Accidental scorches occur in both novice and experienced ironers, but with the use of an ironing cloth, you may avoid these potential tragedies.
You’re one of the lucky ones if you haven’t yet burned a pair of clothes.
When you’re working with an appliance that can achieve temperatures of up to 445 degrees Fahrenheit, it’s easy to make a mistake. A pressing cloth has saved many a day in this situation!
What is the purpose of a pressing cloth?
A pressing cloth is a piece of cotton or synthetic mesh that acts as a barrier between your garment and the iron’s hot soleplate. It’s mostly used to prevent burning or shine when ironing sensitive materials.
Is There a Difference Between Pressing and Ironing Cloths?
Yes.
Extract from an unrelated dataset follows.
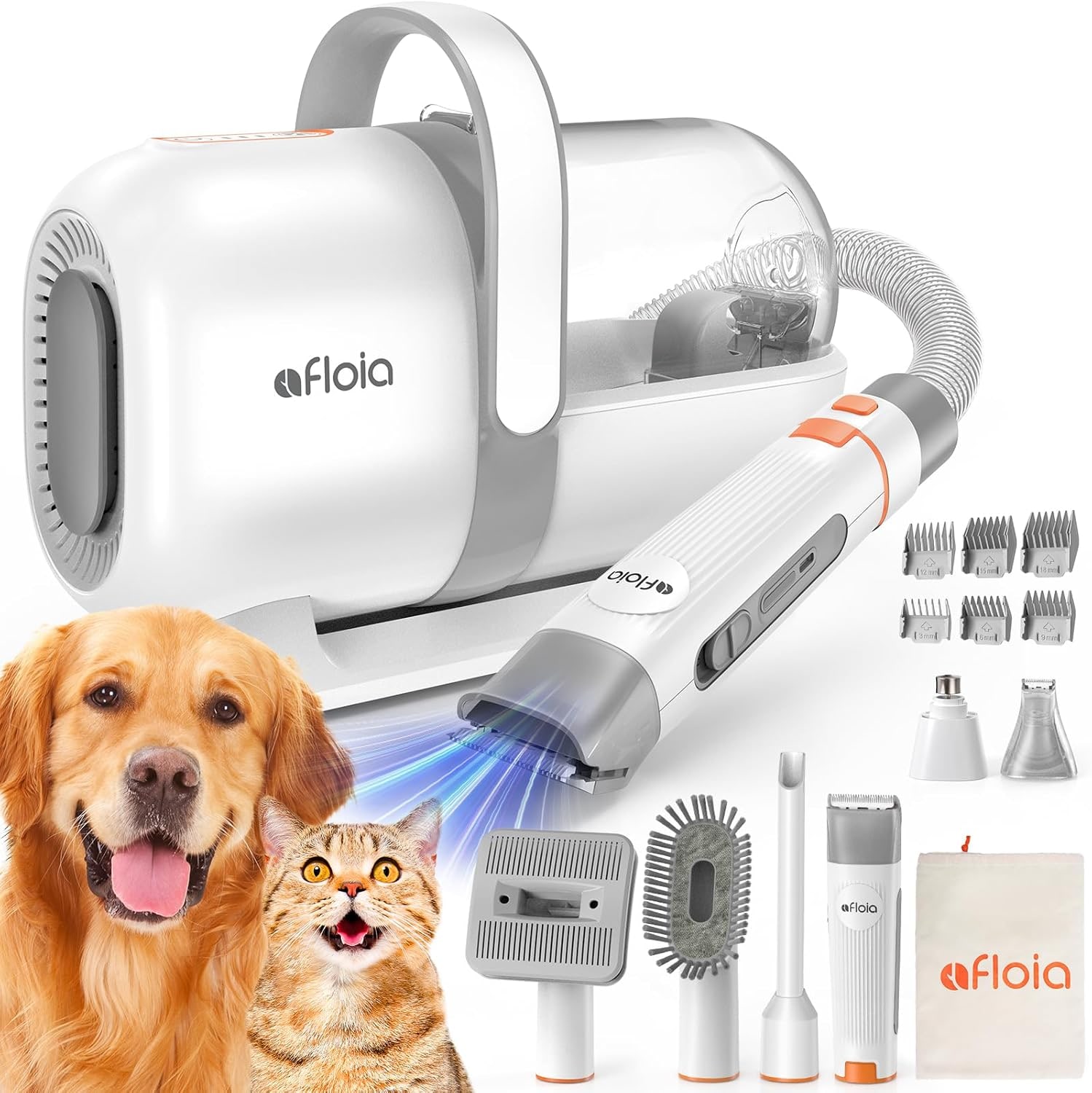 Afloia LM-1 6-in-1 Dog Grooming Kit with Vacuum product image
A pressing cloth is the same as an ironing cloth.
The only difference, I suppose, is the ironing process they employ.
Ironing is the process of moving the iron back and forth while pressing keeps the steam iron stationary over a single area.
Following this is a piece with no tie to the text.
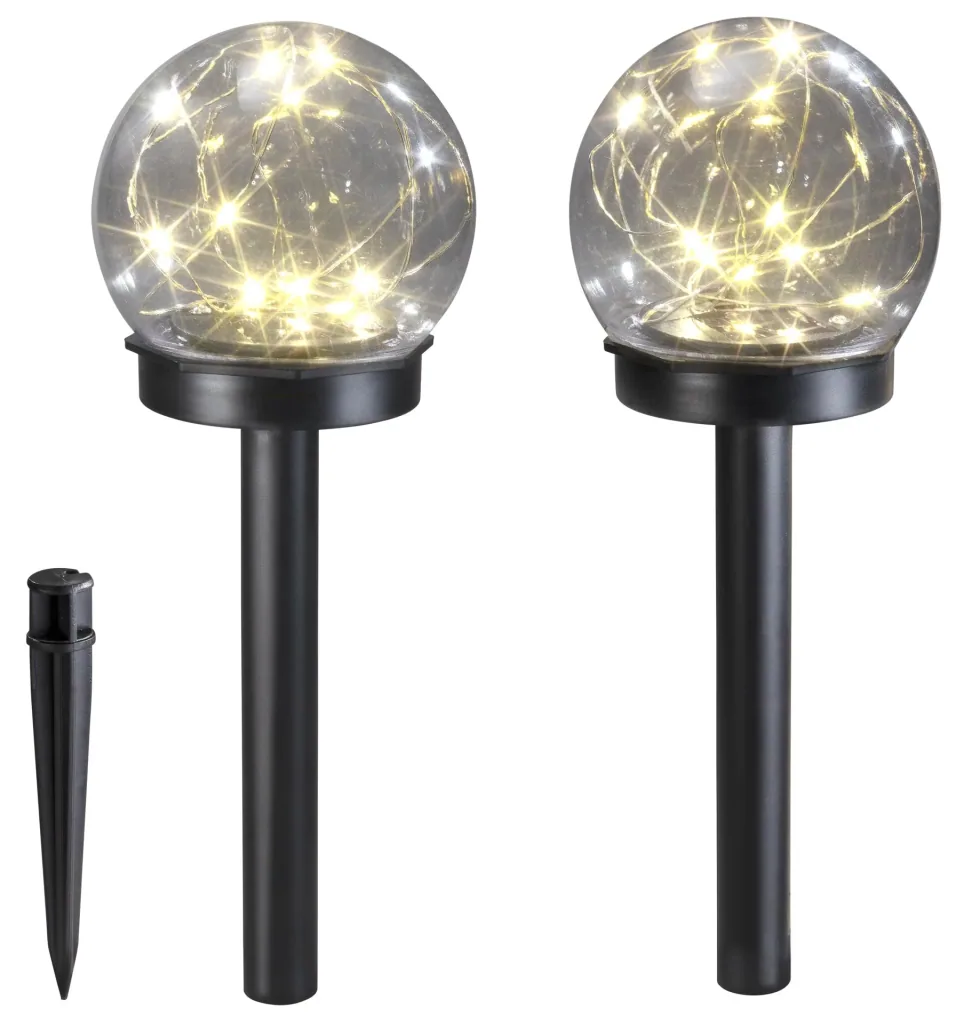 Solar Kugel Set, 10 cm, 2er-Set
When using a steam iron for clothing or stitching, both procedures employ the same protective barrier to avoid burns.
When Should You Use an Ironing Cloth?
An ironing cloth should be used when working with delicate textiles like silk, wool, and mixed fabrics, including synthetic, artificial fibers that are more prone to burning, shining, or melting.
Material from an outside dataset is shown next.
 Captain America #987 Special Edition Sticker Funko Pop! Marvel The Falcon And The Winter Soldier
Benefits of Using a Pressing Cloth
- Pressing cloths protect clothing from burn stains and shine.
- They shield the iron from metal buttons and zippers, which might damage it.
- When using starch, they prevent residue buildup on the iron’s soleplate.
- When sewing and crafts, they protect the iron from sticky deposits.
- Avoiding unintentional garment damage saves money.
Types of Pressing or Ironing Cloths
Cotton is the best fabric for an ironing cloth, but synthetic polyester mesh alternatives are now available that are inexpensive, effective, and let you see the clothing through the mesh.
Ironing towels are also used to protect the iron from sticky residues in sewing and crafts.
1. Muslin Cloth
A basic cotton cloth is known as muslin cloth. It’s a plain-woven cotton fabric that can tolerate high heat, making it perfect for ironing or pressing cloth.
It’s widely available in fabric and sewing supply stores.
2. Old Sheets or Pillow Cases
The financial savings of using what you already have around the house is obvious, and you can even trim the ironing cloth to the size you desire.
A single old bed sheet may also be used to make numerous pressing cloths.
It is not required to sew in an edge. If you iron over it, this can get in the way and produce a ridge or depression in the garment.
Pillowcases, as well as clean cotton dishcloths or tea towels, are already a good size. When ironing more delicate materials, all you need is a barrier to bear the brunt of the heat.
I appreciate that you can dampen a cotton pressing cloth to assist iron away creases, even though most current irons should need a blast of steam.
3. Mesh Ironing Cloths
The fact that a mesh ironing cloth is transparent appeals to me. You can see where you’re ironing and make sure the cloth is flattened properly.
It also helps steam to permeate the fabric, allowing for quicker progress through an ironing pile.
A mesh ironing cloth is a low-cost solution that is also very easy to care for.
It can be easily cleaned by tossing it in the washing machine, and it can be folded away to save room.
4. Parchment Paper for Sewing and Pressing
If you’re ironing an appliqué onto the fabric, you can use parchment paper from the shop, but a tiny piece of cloth will do just as well.
Make sure you’re not using wax paper. There is a difference between wax paper and parchment paper.
Wax paper melts when exposed to heat, whereas parchment can resist temperatures up to 450°F (origin).
5. Teflon Pressing Cloths for Crafting
Teflon pressing cloths are widely used in sewing and craftwork to protect the iron’s soleplate from residue generated by fusibles, starches, and other sticky materials.
What Happens if you Don’t Use an Ironing Cloth?
You risk harming delicate textiles by exposing them to the direct heat of the ironing plate if you don’t use an ironing cloth. When ironing garments, there are a few options for preventing shine.
An overheated iron can compress the fibers in natural textiles, resulting in uneven or glossy areas on the garment. This can be reversed in some circumstances.
If you don’t have an ironing cloth and aren’t sure what temperature to use to eliminate creases from a garment, set the heat down low, iron the fabric inside out, or use steam alone while pulling on the clothing until the wrinkles disappear.
An ironing cloth is quite useful to have on hand if you iron regularly.
If you’re not sure if clothing can withstand the direct heat of the iron, lower the temperature and use the ironing cloth as a precaution.
A word of caution: the ironing cloth is not an impenetrable barrier on which to place the iron face down. To avoid any fire dangers, keep basic ironing care and safety in mind.